The problem surfaced again this week when the Chicago Tribune poked holes in Emanuel’s claims about shrinking the city’s food deserts by 21 percent to honor a pivotal campaign promise to African-American voters who helped put him in office.
It was only the latest example of Emanuel hyperbole and moving the goal line when he falls short.
The mayor campaigned on a promise to hire 1,000 additional police officers, then revised the pledge after taking office by adding 1,000 more “cops on the beat,” more than half of them by disbanding special units.
Emanuel’s promise to save $60 million by switching garbage collection from a ward-by-ward to a grid system has also fallen short — by $42 million. Inspector General Joe Ferguson was thwarted when he tried to verify even the revised $18 million savings claim.
The mayor touted his $1.7 billion Infrastructure Trust as a ground-breaking vehicle to get private investors to bankroll projects the city could not afford to build on its own. But the Trust is still stuck in neutral more than one year later.
Emanuel sold speed cameras around schools and parks as a way to protect children, then used $30 million in anticipated fines to balance his 2013 budget, fueling speculation it was all a ruse to raise sorely needed revenue. The city has yet to raise a penny.

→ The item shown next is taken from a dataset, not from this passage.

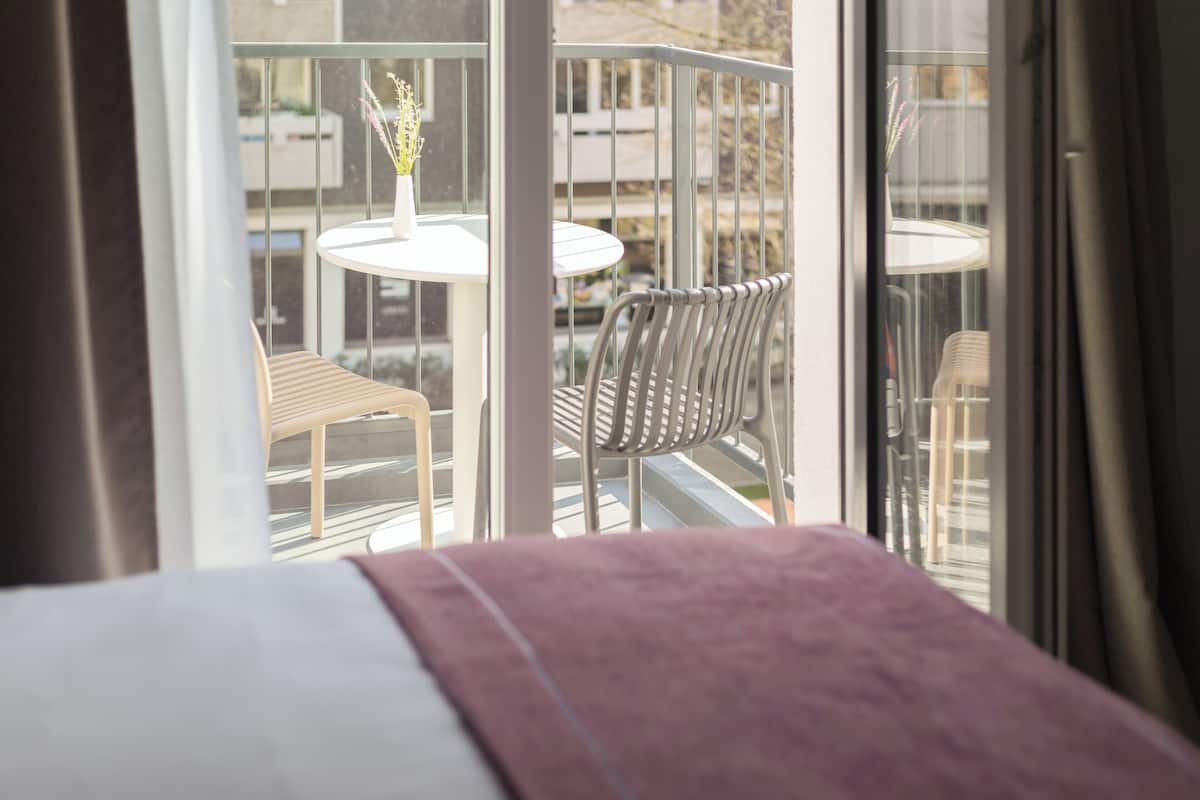 Hypo-allergenic bedding, in-room safe, desk, blackout curtains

The mayor’s handpicked school team lowballed the amount of money cut from Chicago Public School classrooms by factoring in increases in charter school funding.
Emanuel’s projected, $338.7 million shortfall in 2014 may also turn out to be a lowball figure when police overtime and tens of millions of dollars in settlements are factored in.
Sources said the mayor instructed his top aides that Chicago taxpayers “want to see progress” and that, no matter what, they needed to project a shortfall smaller than it was last year.
Yet another example occurred Thursday, when the mayor broke ground on a new $50 million CTA Green Line station near McCormick Place.
City Hall refused to say how much, if any, of that price tag would come from a $2 parking tax, cleverly billed as a “congestion fee” even though it was confined neither to rush periods nor congested downtown and River North.
Two years ago, top mayoral aides cited the Cermak station as one of two downtown transportation projects that would be funded by the parking tax and used the project to sell the unpopular tax.
On the one-year anniversary of Emanuel taking office, the Chicago Sun-Times wrote about the new mayor’s obsession with controlling the media message and packaging his plans as new, even when they’re not, using catchy new slogans like, “Building a New Chicago” and “Elevate Chicago.”
The newspaper wrote that Emanuel’s plans too often either overpromised cash savings, lacked specifics or distorted the facts to fit the script.
Now well past midterm and gearing up for a re-election bid, it’s past time for the mayor to heed that advice.
Nobody can accuse Emanuel of failing to make it a priority to eradicate food deserts for inner-city residents with precious few healthy shopping choices. What they can say is that he promised too much too soon, then revised his own definition of food deserts when he fell short of delivering.
That’s a credibility problem that can only get worse.